The future of West Virginia depends on diversifying our economy and ensuring that the inevitable energy transformation coming to the nation does not leave our great state behind.

West Virginians want to ensure a strong economic future for themselves and their families. They understand the economic and energy landscape has already changed dramatically in the last several years and continues to do so. Therefore, we all need to come together and identify solutions for ourselves and for generations to come.

Many of those solutions are right before us. Congress is debating what may be the most important bill to affect West Virginia in decades. And with it, there are commonsense solutions to protect West Virginia jobs, keep consumer electricity prices low and help our environment.

One important solution is known as Carbon Capture, Utilization and Storage (CCUS) where carbon dioxide is captured directly from the exhaust of power plants and factories and safely stored underground or used in products. Carbon capture technology has been around for decades, and there are several successful operational projects around the world, but CCUS requires more research and support to reach its full potential. And it’s important that we realize the full potential of CCUS technology — because without it, we’ll find it difficult to smoothly transition many of the industries that are foundational to our economy as we strive to reach climate goals. But with it, West Virginia can be part of the energy transformation already under way.

Support for new, retrofitted or upgraded facilities that manufacture carbon capture and other advanced energy components and products will create new economic opportunities in our state. Targeted incentives can help ensure these new clean technology manufacturing jobs are created here in West Virginia, particularly if we can target the opportunities to areas that have lost a coal mine or have coal-fired plants that have been shut down.

Finally, we need policies that help address the root cause of the changing climate and the risks that come along with it. A new report found that West Virginia is one of the top four states at risk from flooding — a problem that will only grow worse as the climate continues to change.

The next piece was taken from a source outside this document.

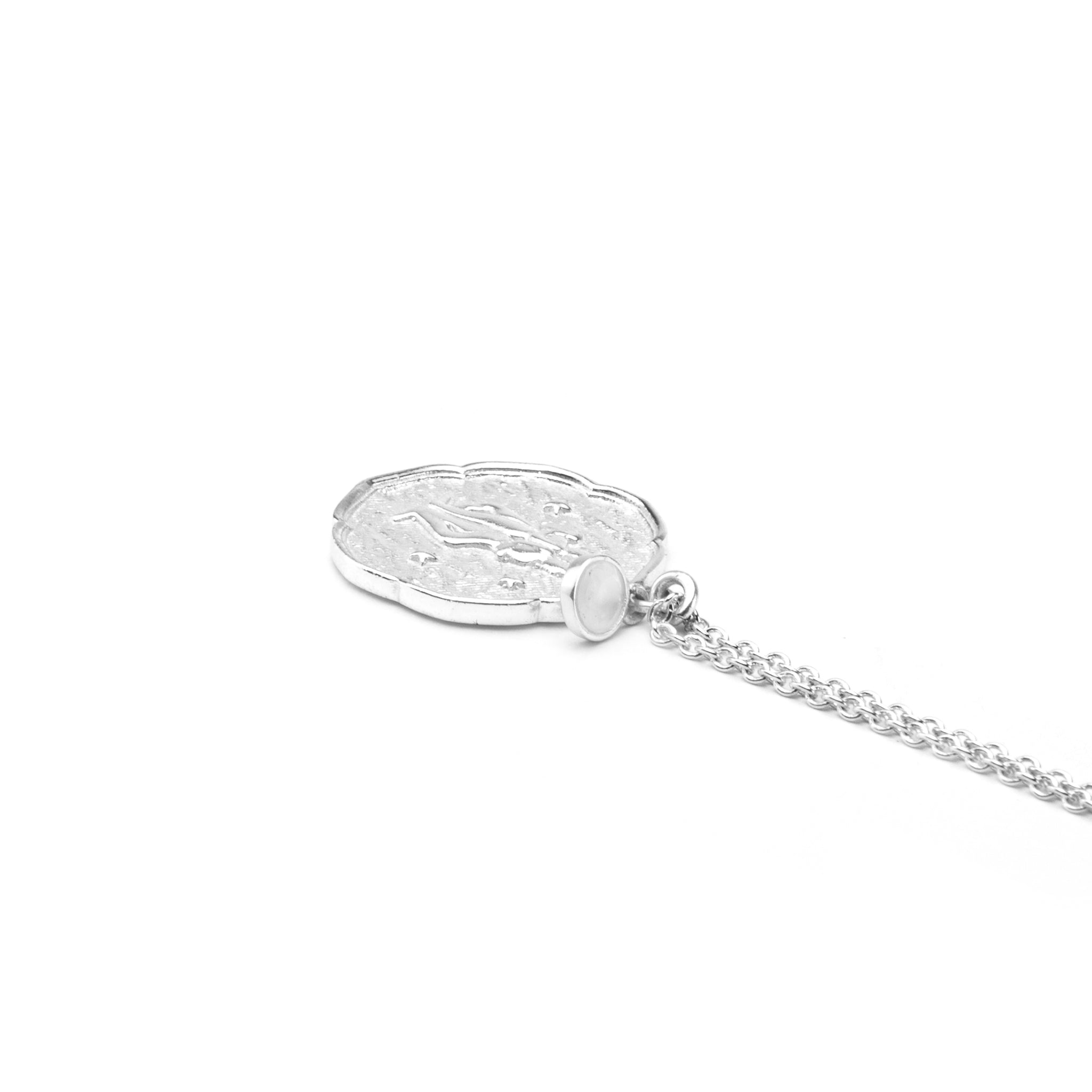 Gemini Necklace With Birth Stone Charm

We must significantly up the pace at which we deploy renewables to meet our energy needs — and create new economic opportunities by putting this renewable energy on former mine lands and coupling them with other economic investments. And we need to harness the power of our forests. Our forests and other natural lands can achieve up to a fifth of the emissions reductions we need by storing carbon in trees, wetlands, and soils.

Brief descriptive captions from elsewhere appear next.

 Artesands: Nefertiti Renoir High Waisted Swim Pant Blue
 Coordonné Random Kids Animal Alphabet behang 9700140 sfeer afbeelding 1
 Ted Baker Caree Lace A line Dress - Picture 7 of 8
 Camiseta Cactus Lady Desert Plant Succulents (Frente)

Even with the dramatic increase in renewables to power our economy and harnessing the power of our forests to store carbon, we will need additional carbon-free sources of energy. There will also be some carbon-emitting industrial practices that simply cannot be eliminated, like steel and cement production. For this, we need CCUS.

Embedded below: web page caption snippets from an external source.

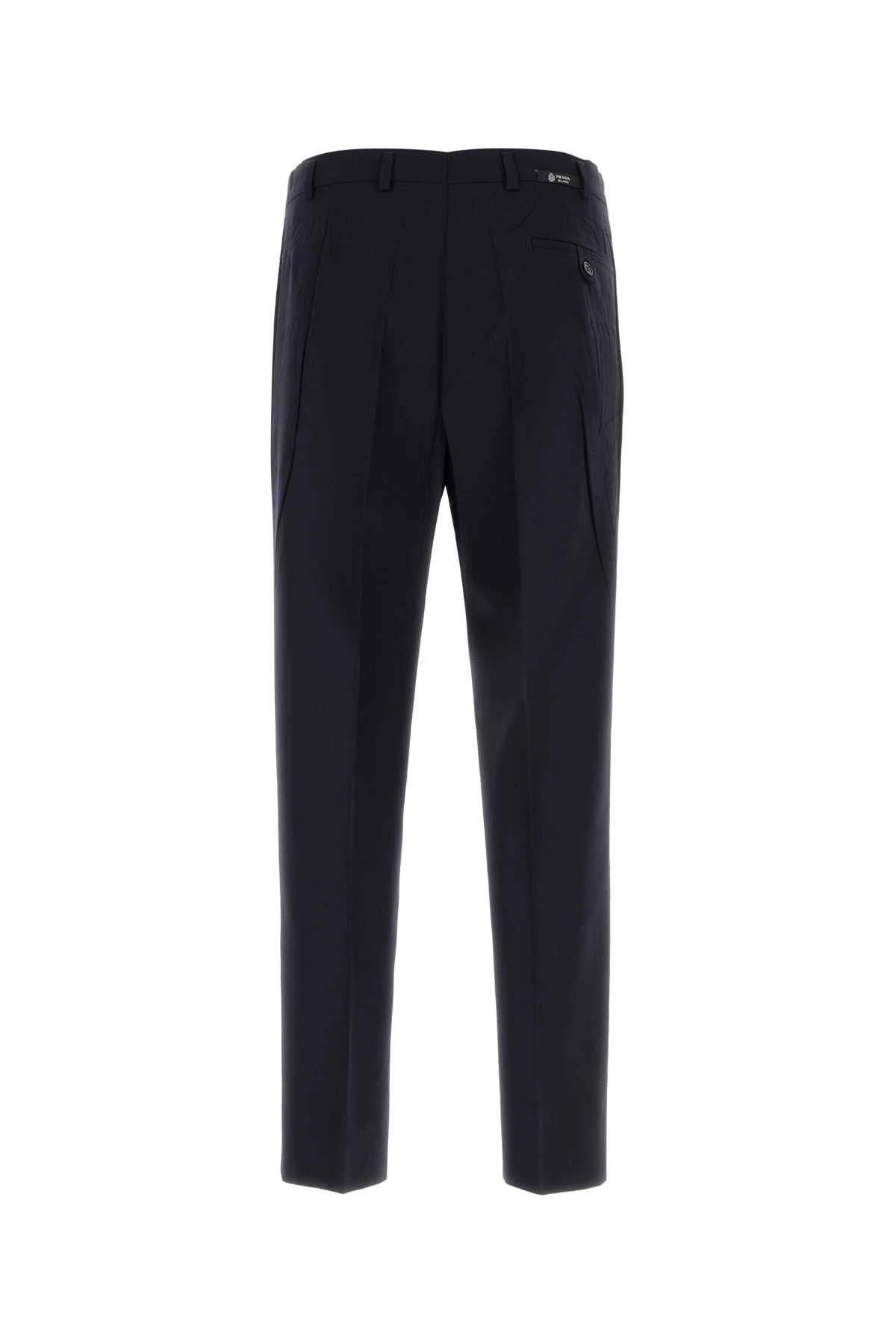 Prada Men Midnight Blue Wool Pant - Image 2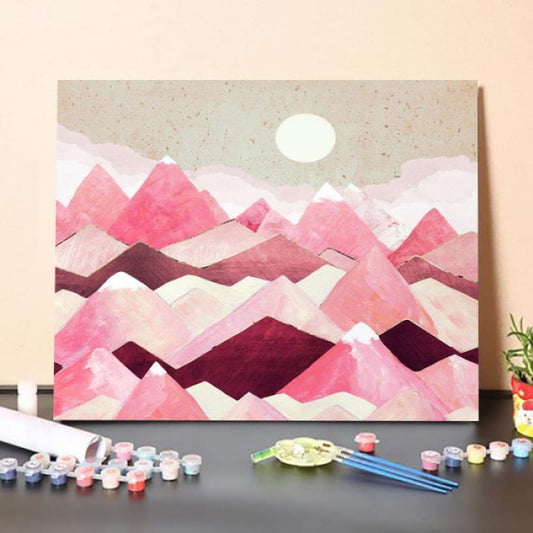 ferdasecPaint By Numbers Kit – Blush Berry Peaks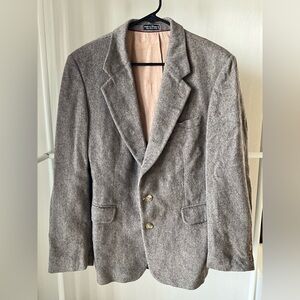 Vtg Camel Hair Blazer Mens M / 38 Suit Jacket Sports Tweed Grandpacore Academia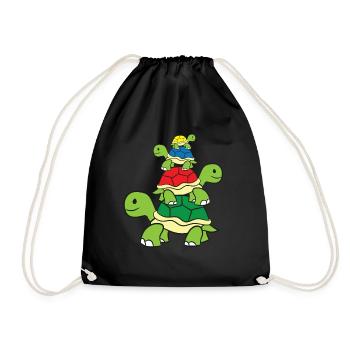 Cute Turtle Tortoises Ocean Love Sea Turtles - Turnbeutel - Schwarz - Vorne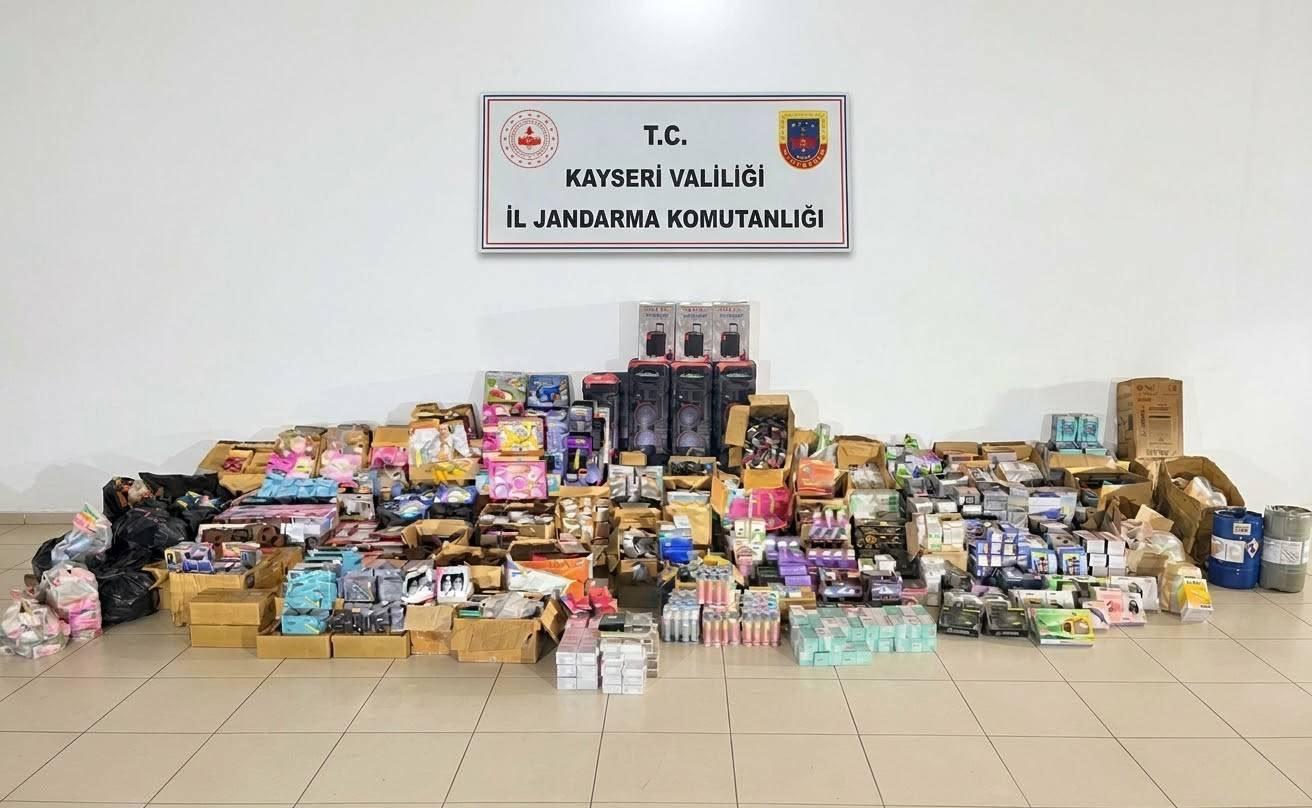 10 milyon lira değerinde gümrük kaçağı eşya ele geçirildi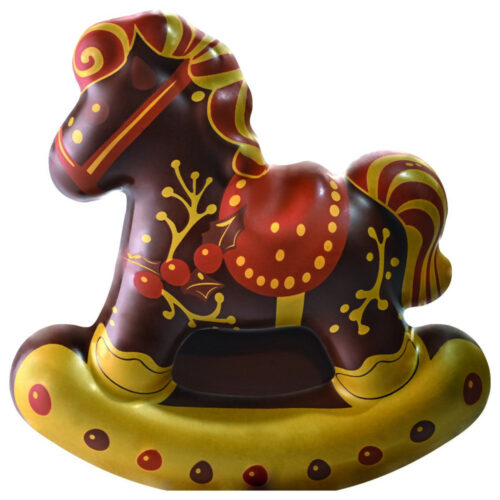 Petit cheval à bascule en chocolat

A rapid transformation of the U.S. economy and the energy sector is already underway. In 2019, U.S. annual energy consumption from renewable sources exceeded coal consumption for the first time since before 1885. We have many tools available to ensure West Virginia can thrive in this new future. Congress must ensure that any legislation to address the climate challenge includes these critical tools. Now is the time for West Virginia to seize the opportunity before us.


Executive Director Thomas Minney and senior advisor Beth Wheatley work for the The Nature Conservancy in West Virginia.